◆ Material for this exercise
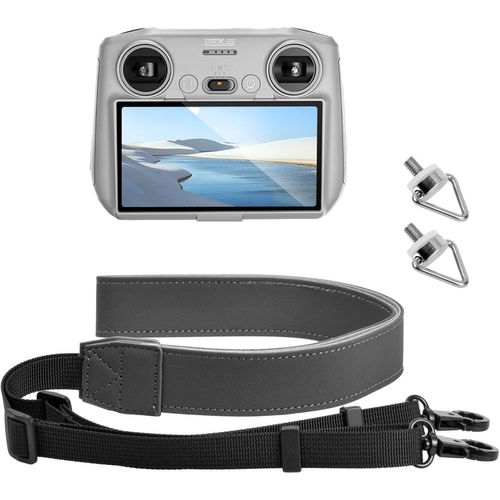 Kgabery-Sangle De Cou Épaule Pour Drone Dji Mavic 3 Cine Mavic 2 Pro,Bandoulière Avec Vis Pour Accessoires Du Contrôleur,Sangle Réglable En Pu Pour Dji Rc/Rc 2/ Rc Pro/Dji (Gris Foncé)-Générique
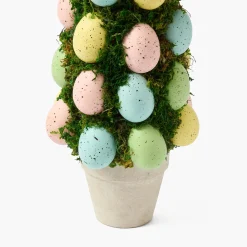 Potted Pastel Easter Egg Tree (Pair)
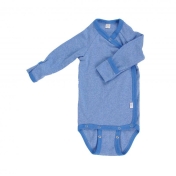 Wrap Baby Body in Organic Cotton with Fold Over Scratch Mitts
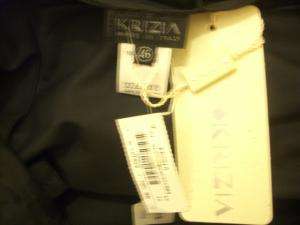 KRIZIA NWT for $205 black pleated skirt size 46/ US 12  
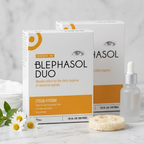 Blephasol Duo Eyelid Hygiene Solution, 2 x 100ml & 100 Pads (4 Months Supply)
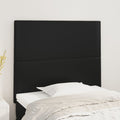 vidaXL Zagłówek czarny 80x5x118/128 cm skóra ekologiczna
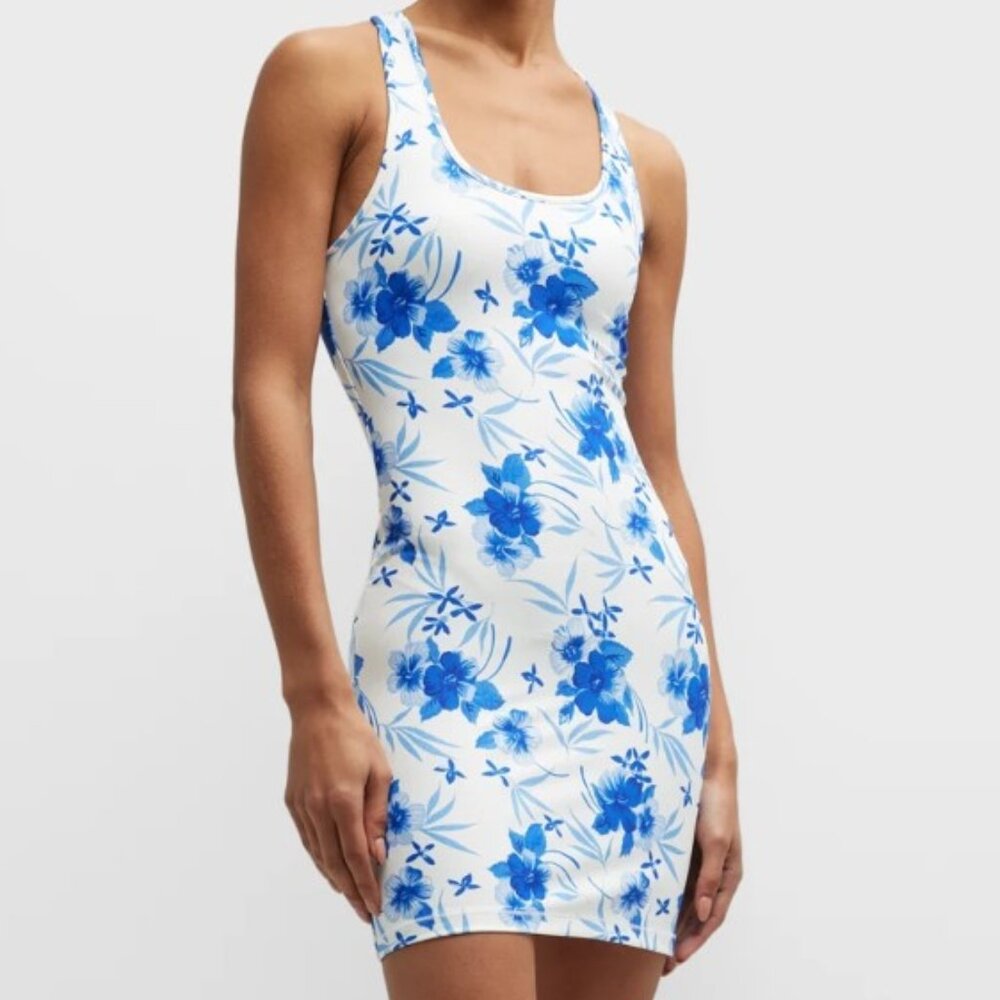 LoveShackFancy Natori Racerback Mini Dress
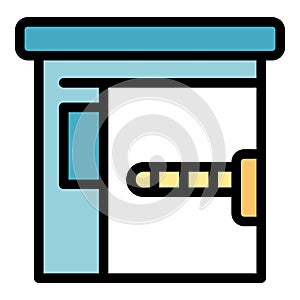 Private parking icon vector flat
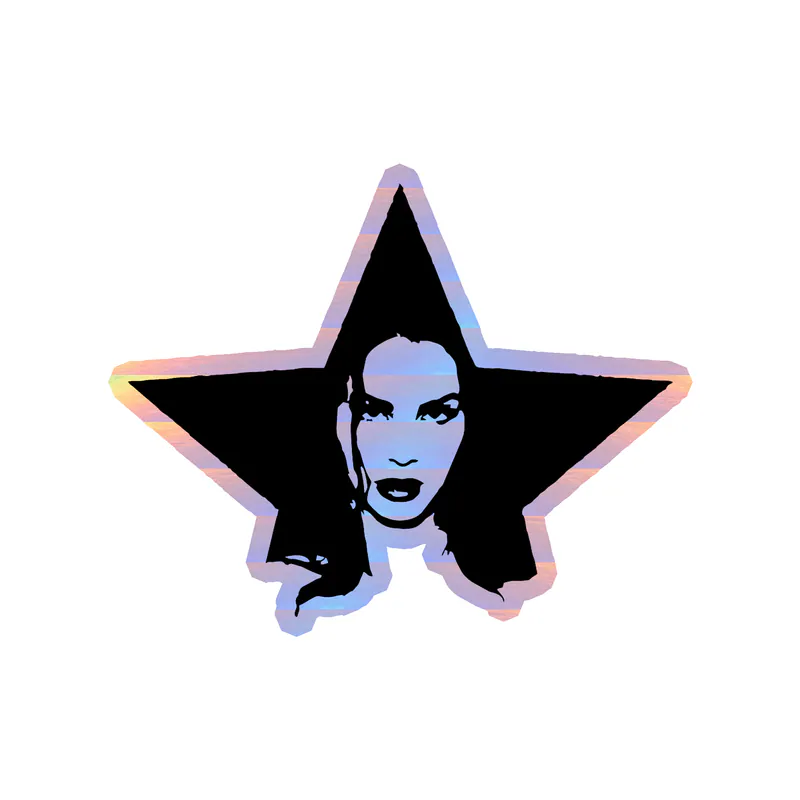 Lana Del Rey - Star - Holographic Vinyl Sticker - Custom Size
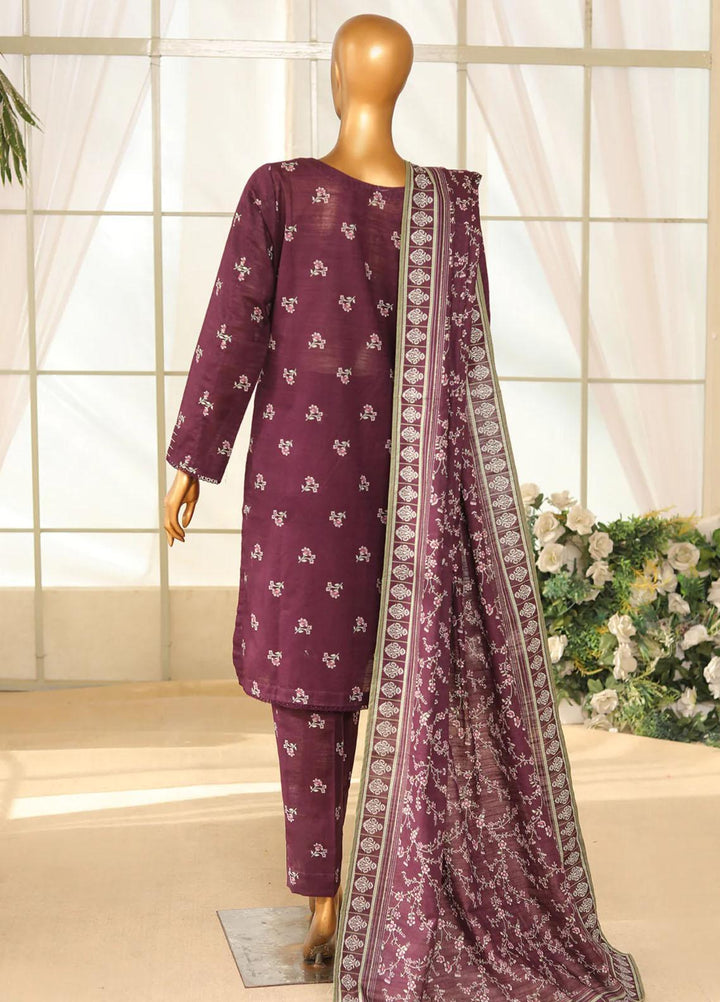 HZ Textiles Printed Khaddar Suits Unstitched 3 Piece HZ23PK PKP-102-B - Winter Collection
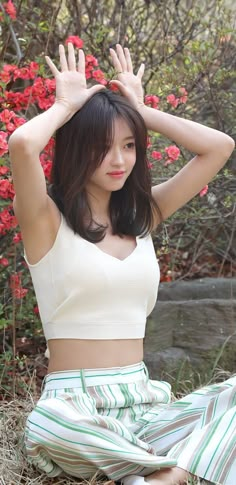 Vertikal Garden, Yooa Oh My Girl, Oh My Girl, Korean Hairstyle, Medium Hair, Hair Cut, Hair Looks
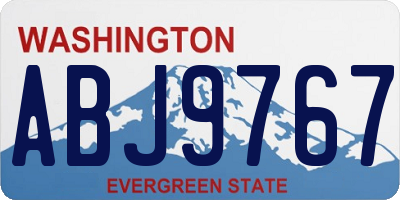 WA license plate ABJ9767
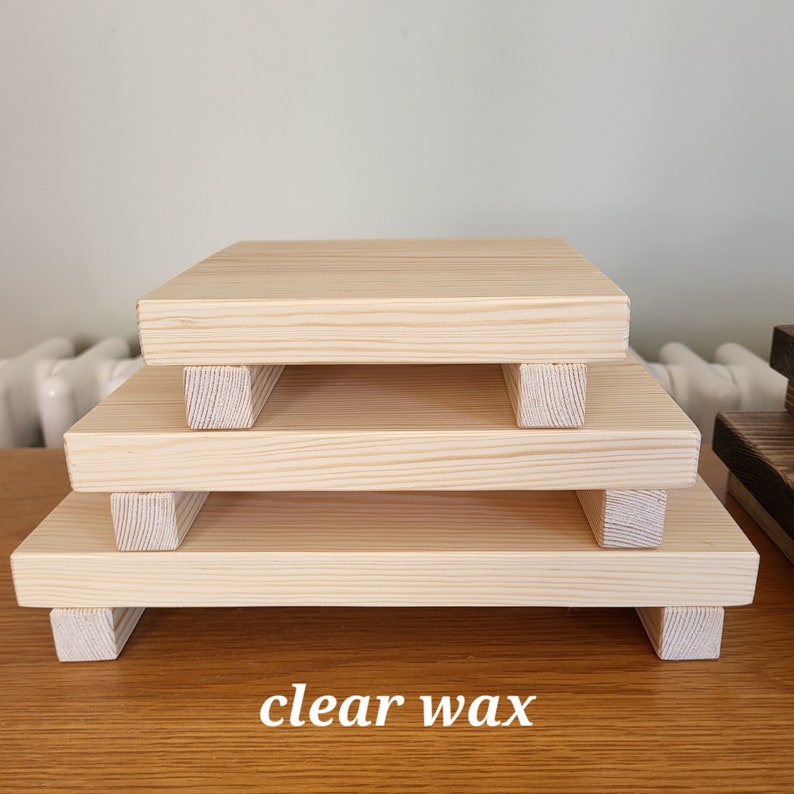 Wooden Table Riser, Wooden Countertop Tray, Wooden Trestle Table ...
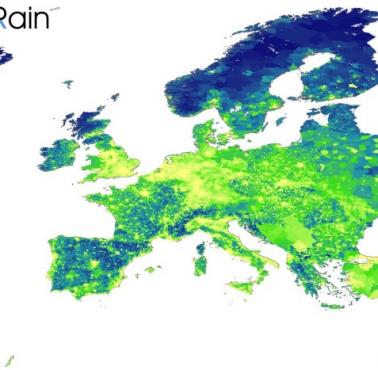 Deszcz na osobę w Europie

◆ Task statement
Return, unchanged, the lines from the first line of the material through the line that holds "WA license plate ABJ9767", inclusive, omitting pictures.

◆ Solution to this problem
 Kgabery-Sangle De Cou Épaule Pour Drone Dji Mavic 3 Cine Mavic 2 Pro,Bandoulière Avec Vis Pour Accessoires Du Contrôleur,Sangle Réglable En Pu Pour Dji Rc/Rc 2/ Rc Pro/Dji (Gris Foncé)-Générique
 Potted Pastel Easter Egg Tree (Pair)
 Wrap Baby Body in Organic Cotton with Fold Over Scratch Mitts
 KRIZIA NWT for $205 black pleated skirt size 46/ US 12  
 Blephasol Duo Eyelid Hygiene Solution, 2 x 100ml & 100 Pads (4 Months Supply)
 vidaXL Zagłówek czarny 80x5x118/128 cm skóra ekologiczna
 LoveShackFancy Natori Racerback Mini Dress
 Private parking icon vector flat
 Lana Del Rey - Star - Holographic Vinyl Sticker - Custom Size
 HZ Textiles Printed Khaddar Suits Unstitched 3 Piece HZ23PK PKP-102-B - Winter Collection
 Vertikal Garden, Yooa Oh My Girl, Oh My Girl, Korean Hairstyle, Medium Hair, Hair Cut, Hair Looks
 WA license plate ABJ9767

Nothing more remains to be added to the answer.